What you will do →
Should the listing contain images, exclude them; give the rest again exactly.

Exercise data →
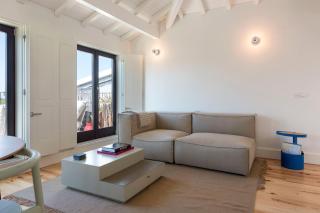 Boavista Penthouse w/ 2 Balconies & AC by LovelyStay - Porto - 7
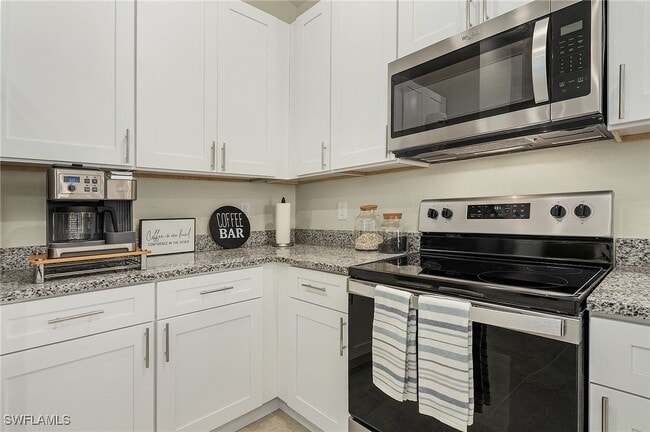 property at 918 NE 13th Pl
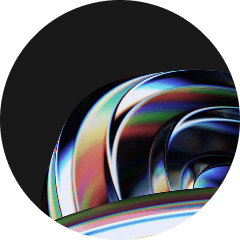 Kolorowa złożona struktura z zakrzywionych powierzchni, widoczna częściowo na czarnym tle w okrągłej ramce.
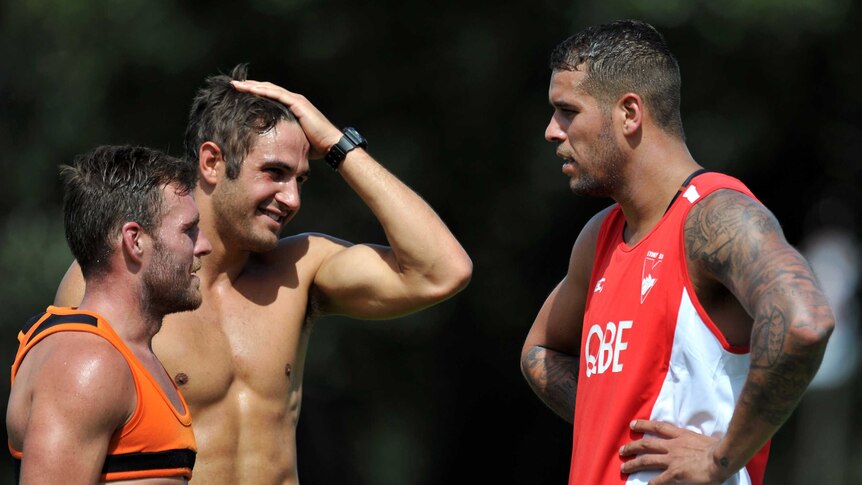 Buddy Franklin talks with his new Sydney Swans team-mates at training
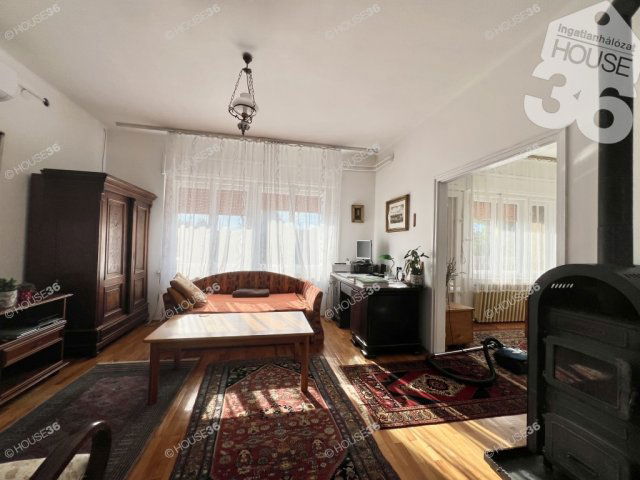 Eladó családi ház, Kecskeméten 83.9 M Ft, 5 szobás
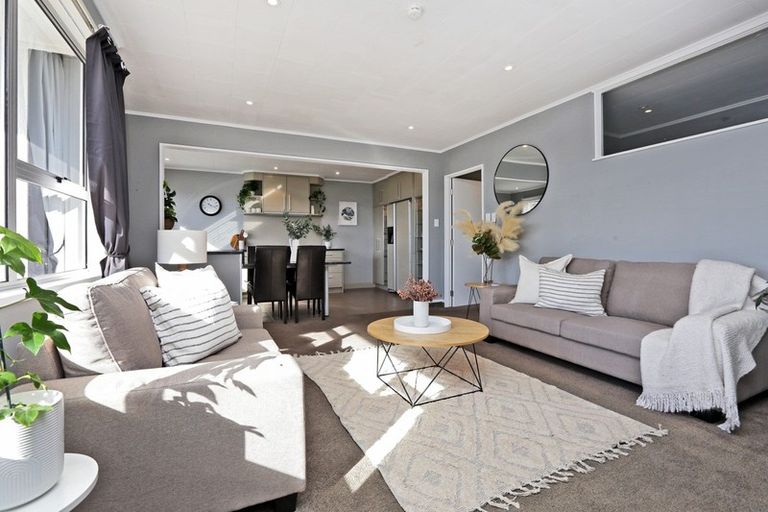 Photo of property in 4/8 Lee Road, Taradale, Napier, 4112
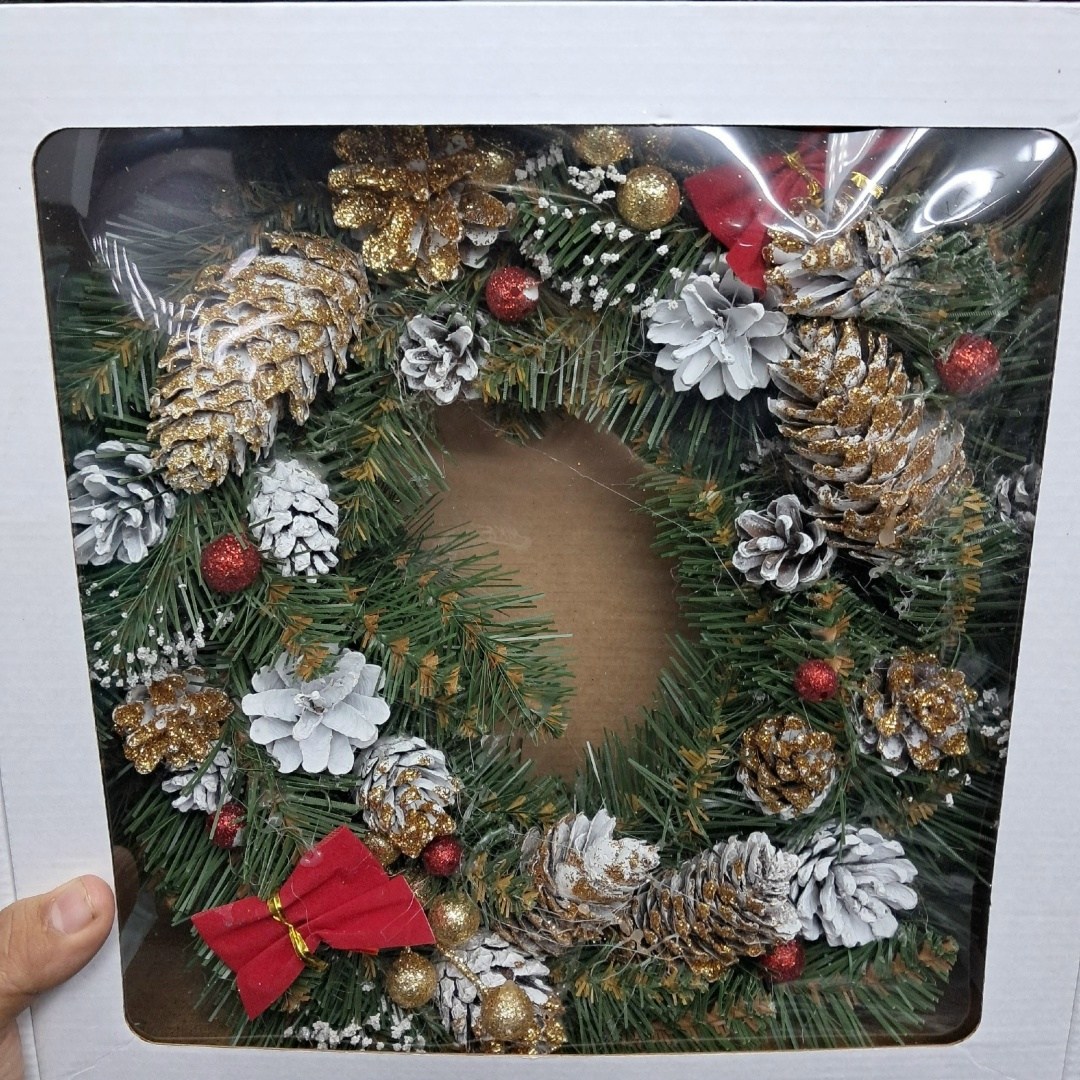 венки новогодние,рождественские венки,венок рождественский,венок новогодний своими руками из шишек,новогодние украшения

Solution for this task →
 Boavista Penthouse w/ 2 Balconies & AC by LovelyStay - Porto - 7
 property at 918 NE 13th Pl
 Kolorowa złożona struktura z zakrzywionych powierzchni, widoczna częściowo na czarnym tle w okrągłej ramce.
 Buddy Franklin talks with his new Sydney Swans team-mates at training
 Eladó családi ház, Kecskeméten 83.9 M Ft, 5 szobás
 Photo of property in 4/8 Lee Road, Taradale, Napier, 4112
 венки новогодние,рождественские венки,венок рождественский,венок новогодний своими руками из шишек,новогодние украшения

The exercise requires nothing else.